Given information:
=======
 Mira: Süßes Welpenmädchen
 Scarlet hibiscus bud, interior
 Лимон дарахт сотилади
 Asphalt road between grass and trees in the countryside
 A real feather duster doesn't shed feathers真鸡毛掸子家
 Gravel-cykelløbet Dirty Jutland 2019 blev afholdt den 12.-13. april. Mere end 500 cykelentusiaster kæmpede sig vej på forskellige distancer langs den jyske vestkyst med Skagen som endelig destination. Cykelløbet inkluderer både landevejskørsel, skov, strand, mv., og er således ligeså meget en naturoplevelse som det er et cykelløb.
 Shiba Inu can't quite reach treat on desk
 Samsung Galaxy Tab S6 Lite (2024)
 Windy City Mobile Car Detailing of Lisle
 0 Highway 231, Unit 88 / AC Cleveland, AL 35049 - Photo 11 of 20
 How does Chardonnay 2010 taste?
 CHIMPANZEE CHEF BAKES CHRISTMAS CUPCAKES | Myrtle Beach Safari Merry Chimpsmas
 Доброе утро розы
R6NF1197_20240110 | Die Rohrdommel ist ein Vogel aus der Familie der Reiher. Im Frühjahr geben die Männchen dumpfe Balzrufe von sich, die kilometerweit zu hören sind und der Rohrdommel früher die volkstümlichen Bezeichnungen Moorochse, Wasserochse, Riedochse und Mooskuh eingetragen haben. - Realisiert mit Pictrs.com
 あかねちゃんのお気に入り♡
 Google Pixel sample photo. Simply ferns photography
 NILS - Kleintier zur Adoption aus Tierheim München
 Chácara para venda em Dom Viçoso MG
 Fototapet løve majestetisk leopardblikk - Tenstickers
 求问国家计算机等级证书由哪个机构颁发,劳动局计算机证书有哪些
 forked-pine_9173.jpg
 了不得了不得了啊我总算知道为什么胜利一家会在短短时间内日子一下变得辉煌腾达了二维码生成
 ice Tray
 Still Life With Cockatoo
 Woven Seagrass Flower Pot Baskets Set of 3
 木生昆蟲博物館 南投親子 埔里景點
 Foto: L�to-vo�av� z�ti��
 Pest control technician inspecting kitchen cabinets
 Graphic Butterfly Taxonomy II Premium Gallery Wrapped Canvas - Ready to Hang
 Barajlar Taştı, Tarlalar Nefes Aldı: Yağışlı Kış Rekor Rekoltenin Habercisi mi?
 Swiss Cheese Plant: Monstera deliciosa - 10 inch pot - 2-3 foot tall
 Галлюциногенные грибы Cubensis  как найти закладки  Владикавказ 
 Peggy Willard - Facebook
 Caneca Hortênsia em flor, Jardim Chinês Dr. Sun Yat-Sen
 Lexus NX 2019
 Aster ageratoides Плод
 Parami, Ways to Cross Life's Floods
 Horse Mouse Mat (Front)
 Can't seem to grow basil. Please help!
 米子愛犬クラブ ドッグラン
=======
Your task:
Please copy, exactly as written, every line in the listing above from the line with "Woven Seagrass Flower Pot Baskets Set of 3" up to and including the line with "Swiss Cheese Plant: Monstera".

Final answer:
 Woven Seagrass Flower Pot Baskets Set of 3
 木生昆蟲博物館 南投親子 埔里景點
 Foto: L�to-vo�av� z�ti��
 Pest control technician inspecting kitchen cabinets
 Graphic Butterfly Taxonomy II Premium Gallery Wrapped Canvas - Ready to Hang
 Barajlar Taştı, Tarlalar Nefes Aldı: Yağışlı Kış Rekor Rekoltenin Habercisi mi?
 Swiss Cheese Plant: Monstera deliciosa - 10 inch pot - 2-3 foot tall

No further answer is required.